_WORK INSTRUCTION:_
The entries are to be returned exactly, with images left out.

_DATA FOR THE TASK:_
*** Begin section ***

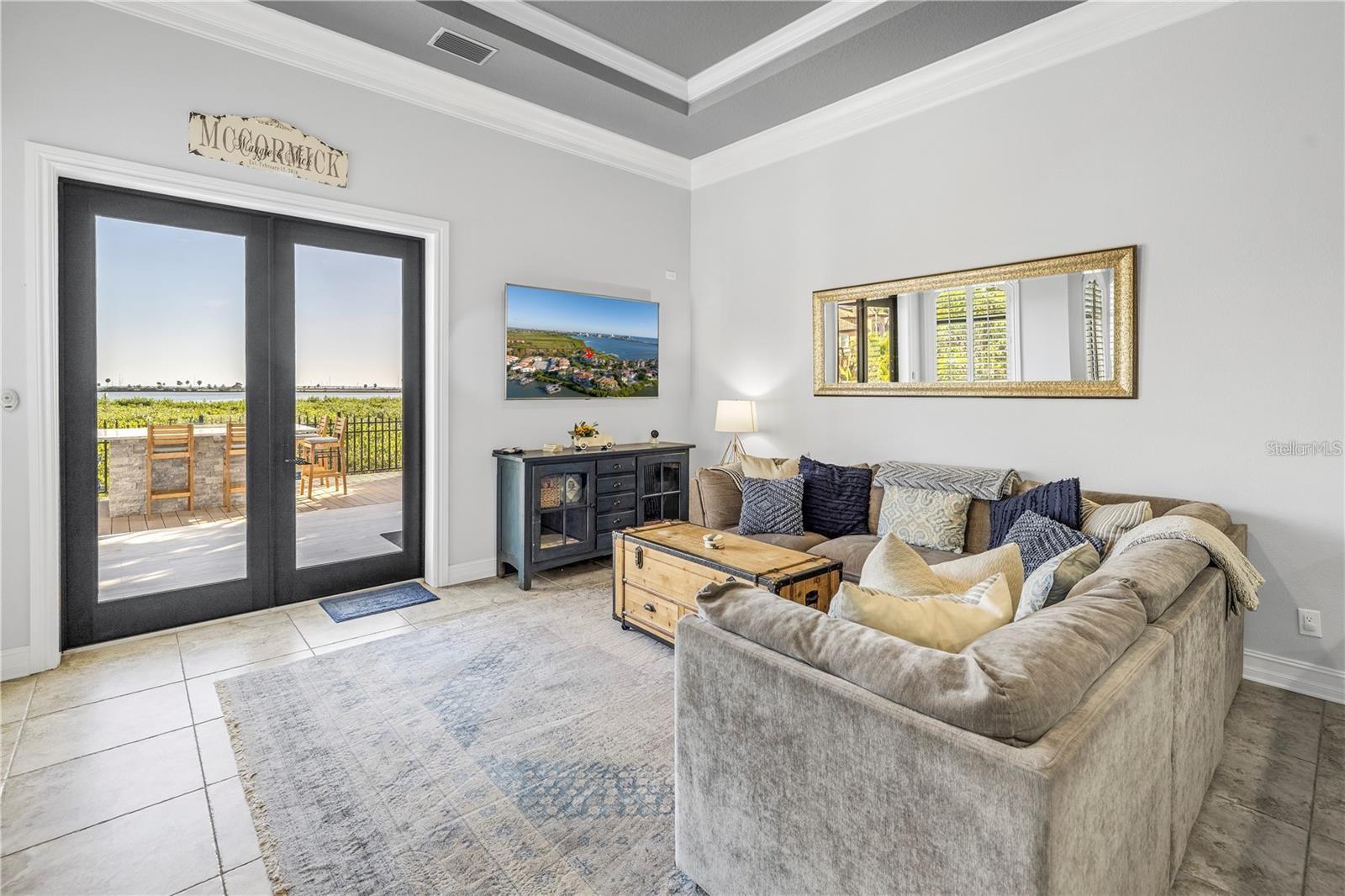 RESERVE OF OLD TAMPA BAY - Residential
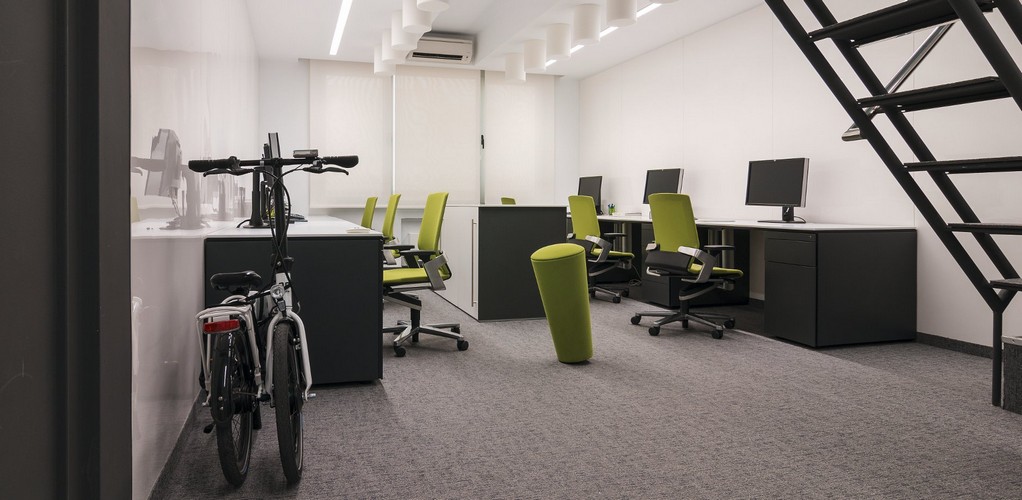 Дизайн и мебель для офиса от Wilkhahn 5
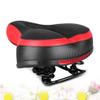 BESPORTBLE Thick Sponge Absorbing Bike Seat Road Bike Seat with Reflective Sticker Comfortable for Long Rides view 2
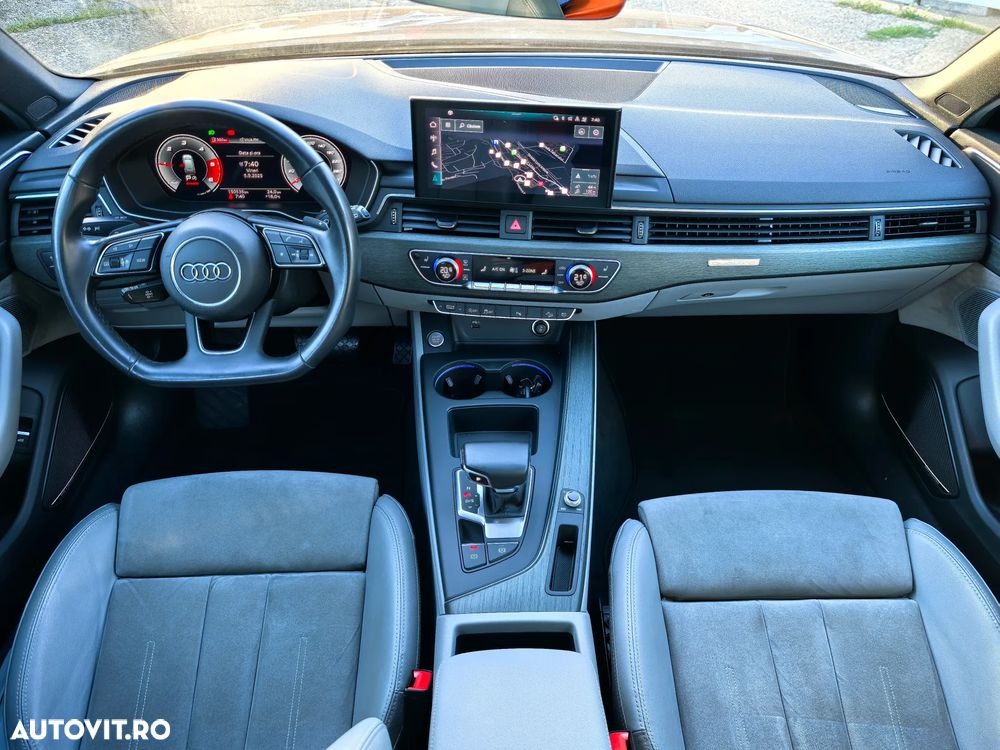 Audi A4 40 TDI quattro S tronic MHEV Advanced - 6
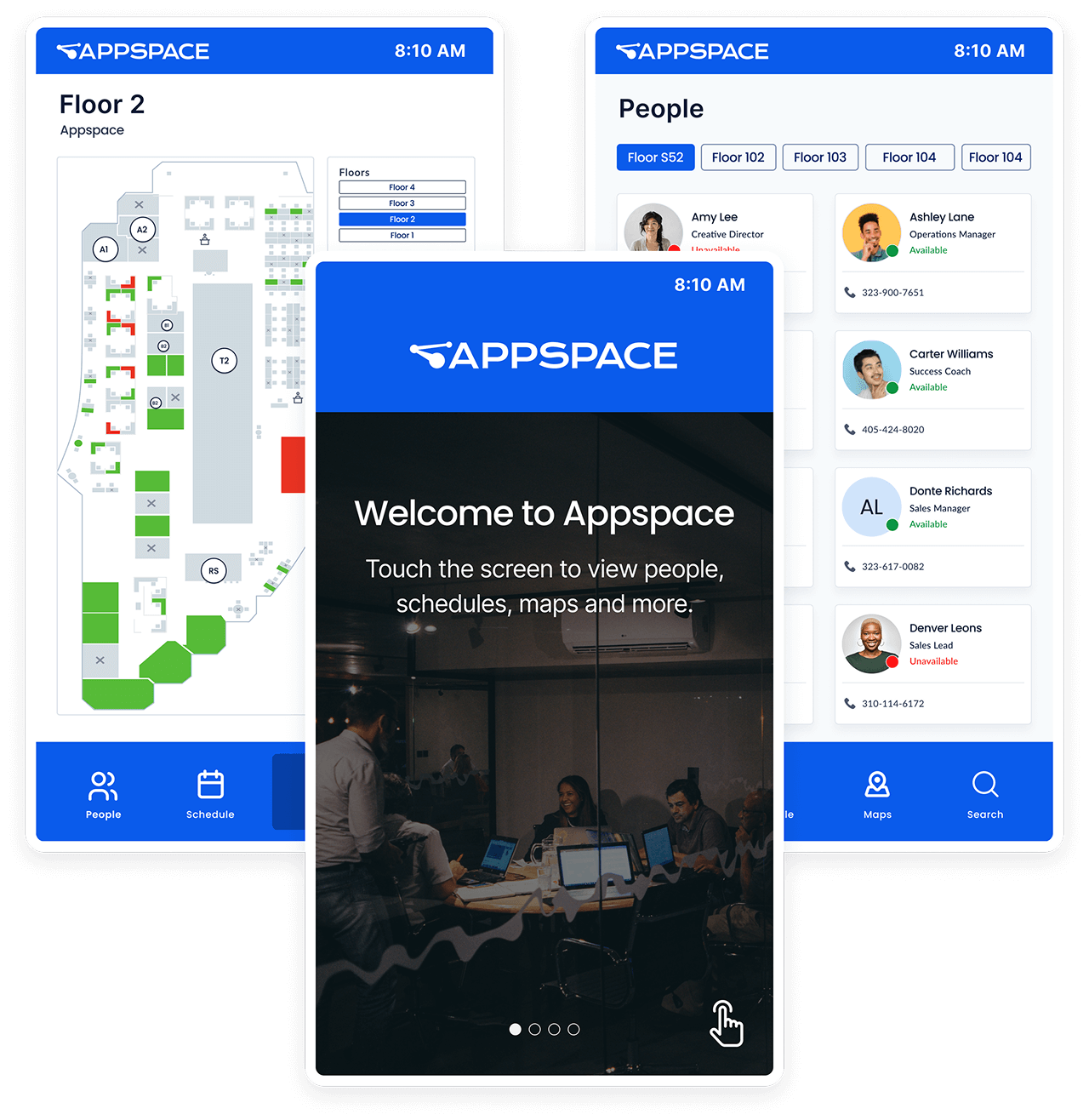 Wayfinding - Appspace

*** End section ***

_COMPLETED EXERCISE:_
 RESERVE OF OLD TAMPA BAY - Residential
 Дизайн и мебель для офиса от Wilkhahn 5
 BESPORTBLE Thick Sponge Absorbing Bike Seat Road Bike Seat with Reflective Sticker Comfortable for Long Rides view 2
 Audi A4 40 TDI quattro S tronic MHEV Advanced - 6
 Wayfinding - Appspace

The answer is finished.